Benjamin Gildersleeve, Basil's father, taught for three years in Mount Zion Academy, Georgia. On August 13, 1828, he married Emma Louisa Lanneau, daughter of Bazile Lanneau who, with his mother, had been brought to Charleston from his Acadian birthplace when the British in 1775 deported the French inhabitants of Nova Scotia.
Lanneau, left an orphan at ten, made his own career and won the esteem of his adopted city. He took part with the patriot army in the Revolution, was for years a member of the state legislature; and was one of the founders of the French Protestant church in Charleston.
Thus on both sides Gildersleeve inherited energy and independence of character.
Education
The first fourteen years of Basil's life in which, as he states, “all that came after lay implicit, ” included an education conformed to no rules of pedagogy and innocent of modern psychology with its “self-expression” as a prior lien in place of duty.
Until about thirteen, he had no school training except the daily tasks under his strenuous father. The boy was no mere passive recipient. At four he could read and he celebrated his fifth birthday by completing the Bible “from cover to cover. ” The field of letters was now before him and he browsed widely. As Shakespeare, by his father’s creed, was immoral, he read him outside the house and, as occasion permitted, smuggled in the new Waverley novels.
He was also making versions, in prose and verse respectively, of portions of Plato and the Anacreontics. Even in the years of his mature teaching he habitually wrote out in advance accurate translations in prose and verse and he recommended to advanced students the making of careful metrical versions of the Greek poets in order to realize the artistry of the original text.
Incidentally, it may be noted, one of Gildersleeve’s lifelong diversions was the writing of verse on subjects serious or humorous.

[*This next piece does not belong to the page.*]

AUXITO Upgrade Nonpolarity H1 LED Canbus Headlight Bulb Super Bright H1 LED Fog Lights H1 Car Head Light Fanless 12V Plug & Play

At the age of fourteen, he had one year of conventional training under an able drill-master arid entered the College of Charleston. In 1845, however, while still a freshman, he transferred his activity to his father’s editorial office in Virginia, acquiring technical knowledge which later proved invaluable.
After one year at Jefferson College, Pennsylvania, he was sent to Princeton and was graduated, in 1849, before he was eighteen.
Owing to his precocity in Latin and Greek, college tasks seemed light and he devoted his leisure to reading English, French, German, Italian, and Spanish literature. But, fundamentally conscientious as boy and man, he graduated with high honor even in the higher mathematics, fortunately required of all comers, and received his visé as “a young gentleman well qualified to conduct the classical studies and, indeed, any of the studies of youth preparing for college. ”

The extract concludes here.